Preferred activated aluminum-zirconium salts are those which are mixtures or complexes of the aluminum salts described above with zirconium salts of the formula ZrO (OH) ₂ - _pb Y _b represent wherein Y is Cl, Br, I, N0 ₃ or S0 _4, b is a rational number from 0.8 to 2 and p is the valence of Y, as disclosed, for example, in US 6074632. The zirconium salts also typically associate some hydration water associatively, typically 1 to 7 moles of water per mole of salt. Preferably, the zirconium salt is zirconyl hydroxychloride having the formula ZrO (OH) _{2 -b} Cl _b , wherein b is a rational number of from 0.8 to 2, preferably from 1.0 to 1.9. Preferred aluminum zirconium salts have an Al: Zr mole ratio of 2 to 10 and a metal: (X + Y) ratio of 0.73 to 2.1, preferably 0.9 to 1.5. A particularly preferred salt is aluminum zirconium chlorohydrate (ie, X and Y are Cl) which has an Al: Zr ratio of 2 to 10 and a molar metal: Cl ratio of 0.9 to 2.1. The term aluminum-zirconium chlorohydrate includes the tri-, tetra-, penta- and octachlorohydrate forms. Other preferred antiperspirant actives are disclosed in US 6663854 and US 20040009133.
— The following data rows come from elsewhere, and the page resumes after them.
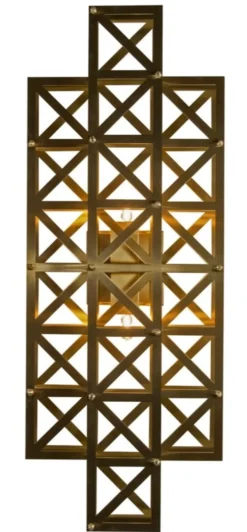 Casa Padrino Designer Wandleuchte Messing 22 x 14 x H. 57 cm - Hotel Möbel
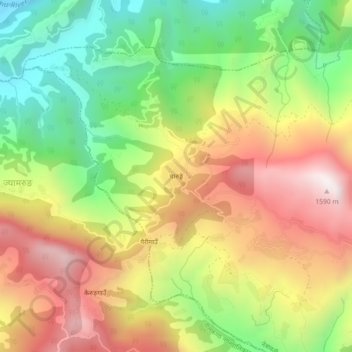 Mapa topográfico Charunge, altitude, relevo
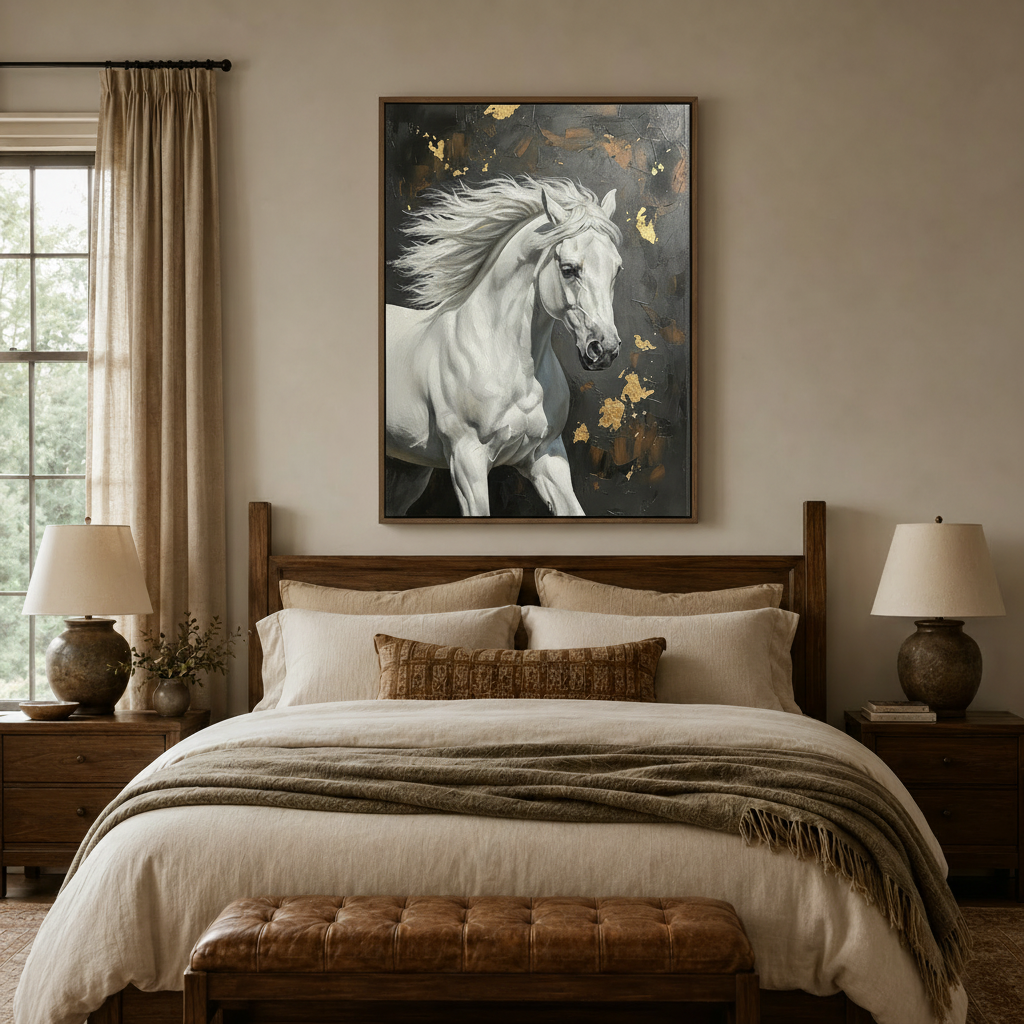  Bold white horse oil painting canvas above bed in cozy neutral bedroom setting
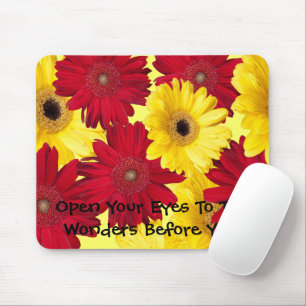 Red and Yellow Gerber Close Up Photographs Mouse Pad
 The antiperspirant active ingredients can be present both in solubilized and in dissolved form. The antiperspirant active ingredients can be used as nonaqueous solutions or as glycolic solubilisates.

Preferred aluminum salts and aluminum zirconium salts have a molar metal-to-chloride ratio of 0.9-1.3, preferably 0.9-1.1, more preferably 0.9-1.0. Preferred aluminum zirconium chlorohydrates generally have the empirical formula Al _n Zr (OH) _{[3n + 4} . m (n + i)] (CI) [m (n + i)] where n = 2.0-10.0, preferably 3.0-8.0, m = 0.77-1.1 (corresponding to a molar metal (Al + Zr) to chloride ratio of 1.3-3.0), preferably m = 0.91-1.1 (corresponding to M: CI = 1.1.-0.9), and particularly preferably m = 1.00-1.1 (corresponding to M: CI = 1.0-0.9), furthermore very preferably m = 1.02-1.1 (corresponding to M: CI = 0.98 - 0.9) and very preferably m = 1, 04 - 1, 1 1 (corresponding to M: CI = 0.96 - 0.9). In general, some of the water of hydration is associatively bound to these salts, typically 1-6 moles of water per mole of salt, corresponding to 1-16% by weight, preferably 4-13% by weight of water of hydration.

Usually, the preferred aluminum zirconium chlorohydrates are associated with an amino acid to prevent polymerization of the zirconium species during manufacture. Preferred stabilizing amino acids are selected from glycine, alanine, leucine, isoleucine, β-alanine, cysteine, valine, serine, tryptophan, phenylalanine, methionine, β-amino-n-butanoic acid and γ-amino-n-butanoic acid and the salts thereof, each in the d-form, the I-form and the dl-form; Glycine is particularly preferred. The amino acid is contained in the salt in an amount of 1 to 3 moles, preferably 1 to 3 to 1.8 moles, per mole of zirconium.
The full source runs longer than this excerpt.